Hi all,
Debugging a mis-compilation is always time consuming. I recently did some attempt on bisecting bad pass for LLVM and would like to share some ideas about how do we make it work. And meanwhile, I would also encourage the community to make each pass more bisectable with help of DebugCounter.
We have already got a very useful helper in LLVM for pass level bisection, which is OptBisect. Though it only works for legacy pass manager, Fedor proposed an on-going effort to make similar things work for new pass manager.
To bring it to the next level, DebugCounter provides features for me to have an in-pass (transformation) level limit to tell which transform in the pass exactly caused the error. When we set StopAfter value for a DebugCounter, it will eventually stop there as a limit.
And in D50031 and rL337748, I added a method to print DebugCounter info: the -print-debug-counter
flag. With this, writing a transformation level bisection script will be more straightforward.
The issue we face is that the transformation level bisection can only work in passes with DebugCounters, and very few passes have these today. DebugCounter is also very useful even a pass author debugs manually without special bisection tooling. So I would encourage the community to add DebugCounter to your own passes to make life easier for debugging.
Adding DebugCounters isn’t often too difficult. For example, I have several patches to add DebugCounter into passes: D50092, D50033.
I have already built a bisection tool to help Android toolchain debug on our side. So I will say that the bisecting idea with OptBisect and DebugCounter helps us save time while debugging mis-compilations.

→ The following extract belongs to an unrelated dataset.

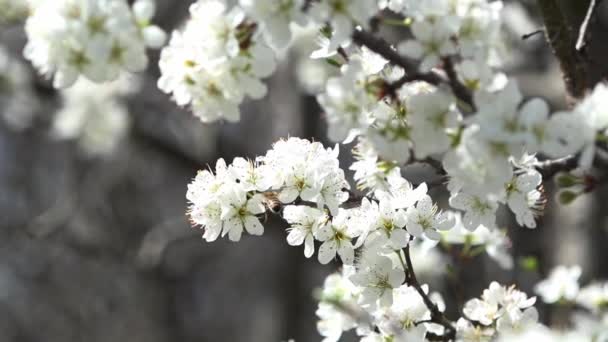 Frühling ist die Zeit der Blüte. Honigzeit. — Stockvideo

Feel free to post if you have other ideas on this and hope that this thread can help.
Thanks,
Zhizhou
Zhizhou Yang via llvm-dev <llvm-dev@lists.llvm.org> writes:
To bring it to the next level, DebugCounter provides features for me
to have an in-pass (transformation) level limit to tell which
transform in the pass exactly caused the error. When we set StopAfter
value for a DebugCounter, it will eventually stop there as a limit.

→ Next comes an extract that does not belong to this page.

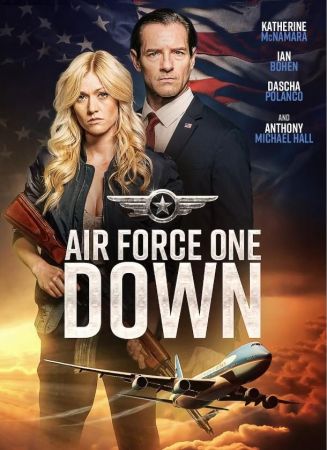 Air Force One Down 2024 1080p WEBRip x264 AAC5 1-YTS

And in D50031 and rL337748, I added a method to print DebugCounter
info: the `-print-debug-counter` flag. With this, writing a
transformation level bisection script will be more straightforward.
I have already built a bisection tool to help Android toolchain debug
on our side. So I will say that the bisecting idea with OptBisect and
DebugCounter helps us save time while debugging mis-compilations.

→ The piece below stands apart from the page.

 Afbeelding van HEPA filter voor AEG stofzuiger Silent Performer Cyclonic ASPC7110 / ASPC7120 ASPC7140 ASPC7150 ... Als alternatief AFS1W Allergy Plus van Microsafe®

There is already a DebugCounter bisect tool in utils/bisect-skip-count.
It is not documented, unfortunately. I had to figure it out by
inspection, but you use it by including "%(skip)d" and "$(count)d" in
the command you specify to bisect-skip-count. Then those values get
filled in and your command should respond to them appropriately. For
example:
bisect-skip-count bisect-command.sh "%(skip)d" "%(count)d" 2>&1 | tee bisect.out
bisect-command.sh presumably looks something like this:
#!/bin/bash
skip=$1
count=$2
opt --debug-counter=my-counter-skip=${skip},my-counter-count=${count}
...
I recently used bisect-skip-count in this way very successfully to track
down an aliasing bug deep in the machine scheduler. I'm working on
documenting bisect-skip-count so people know about it. I can add
comments to the script but I haven't looked at updating web page sources
yet. I was thinking of adding something to the existing opt-bisect
page. Guidance here would be helpful.
I agree that anyone who adds DebugCounters should propose those changes
on Phabricator. We can incrementally improve the debuggability of LLVM
with such a process.
-David
I read this tool and I believe this could do a perfect job as a general bisecting script using DebugCounter.
Just one small nit that I noticed that you are using (1<<32) as a default upper bound. I have a patch that
could print the total number of transformations in a single pass: https://reviews.llvm.org/D50031. I think it
may be helpful to let the user know exactly how many transformations are there in the pass, so that they
could have a high level idea of the position of bad transformation.